The radius of a circle is increasing. At a certain instant, the rate of increase in the area of the circle is numerically equal to twice the rate of increase in its circumference. What is the radius of the circle at that instant?
A. 1/2
B. 1
C. Sqrt 2
D. 2
E. 4
C = 2πr
C' = 2π
[This equals the rate at which the circumference is changing]
A = πr^2
A' = 2πr
[This equals the rate at which the area is changing]
A' = 2C'
2πr = 2(2π)
2πr = 4π
r = 4π/2π
r = 2
So, the answer would be D.
Let's denote the radius of the circle as r and the rate of increase as dr/dt (where t represents time).
The area of a circle is given by A = πr^2.
The circumference of a circle is given by C = 2πr.
The rate of increase in the area is dA/dt = 2πr(dr/dt) since we are considering the rate of change with respect to time.
The rate of increase in the circumference is dC/dt = 2π(dr/dt).
Given that the rate of increase in the area is numerically equal to twice the rate of increase in the circumference, we can write the following equation:
2πr(dr/dt) = 2(2π)(dr/dt)
Simplifying the equation, we have:
2r(dr/dt) = 4(dr/dt)
Dividing both sides by dr/dt (assuming dr/dt is not zero), we get:
2r = 4
Dividing both sides by 2, we find:
r = 2
Therefore, the radius of the circle at that instant is D. 2.

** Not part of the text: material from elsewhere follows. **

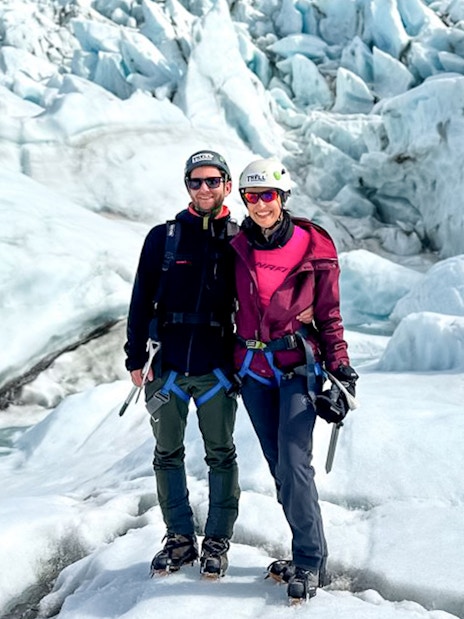 Guests on a glacier expedition at Vatnajökull, Iceland, wearing climbing gear.
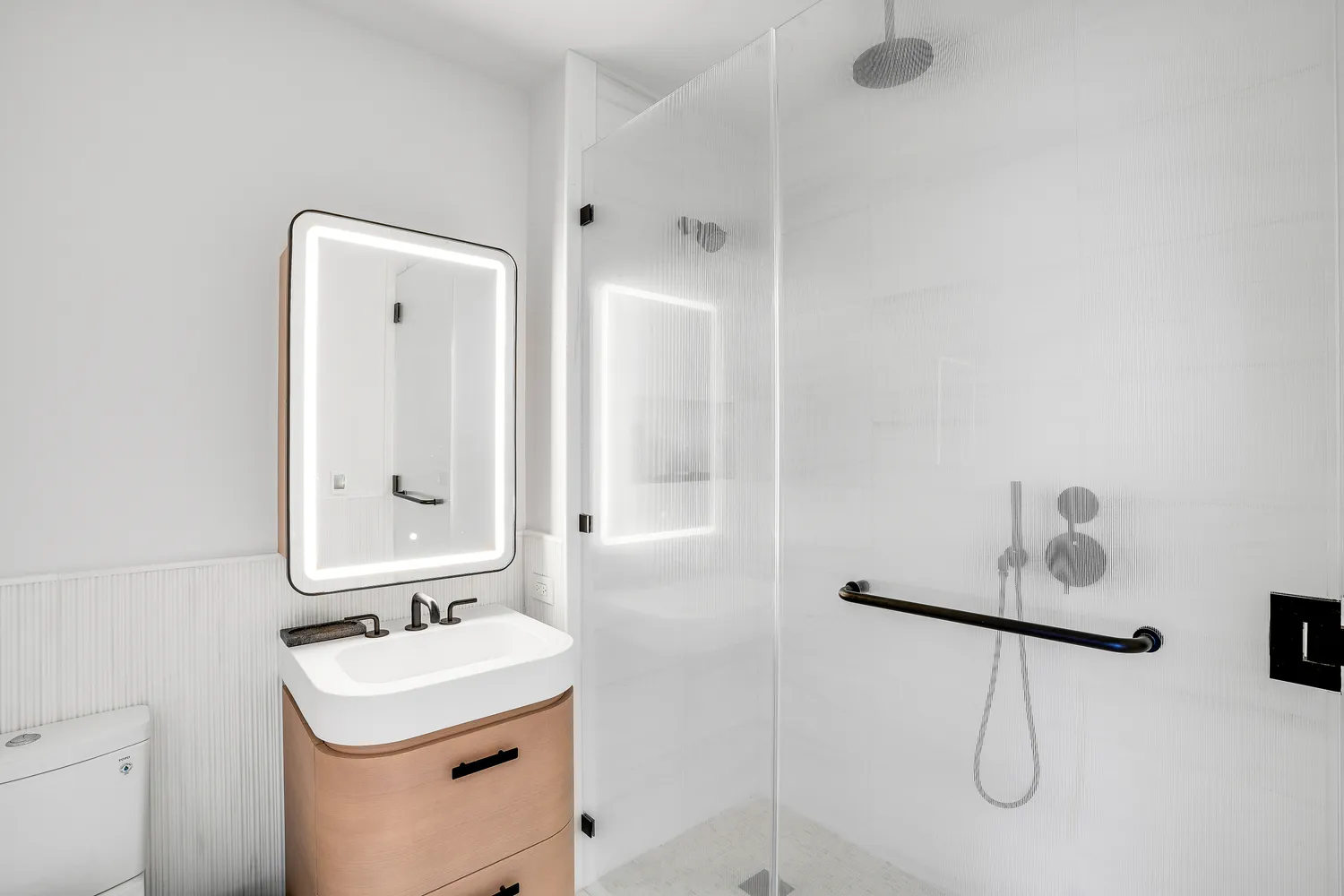 a bathroom with a sink vanity and mirror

To find the radius of the circle at the instant when the rate of increase in its area is numerically equal to twice the rate of increase in its circumference, we need to use the formulas for the area and circumference of a circle.
Let's assume that the radius of the circle at that instant is denoted as r, and the rate of increase in the radius is denoted as dr/dt.
The area of a circle is given by the formula A = πr^2, where π is a constant.
The circumference of a circle is given by the formula C = 2πr.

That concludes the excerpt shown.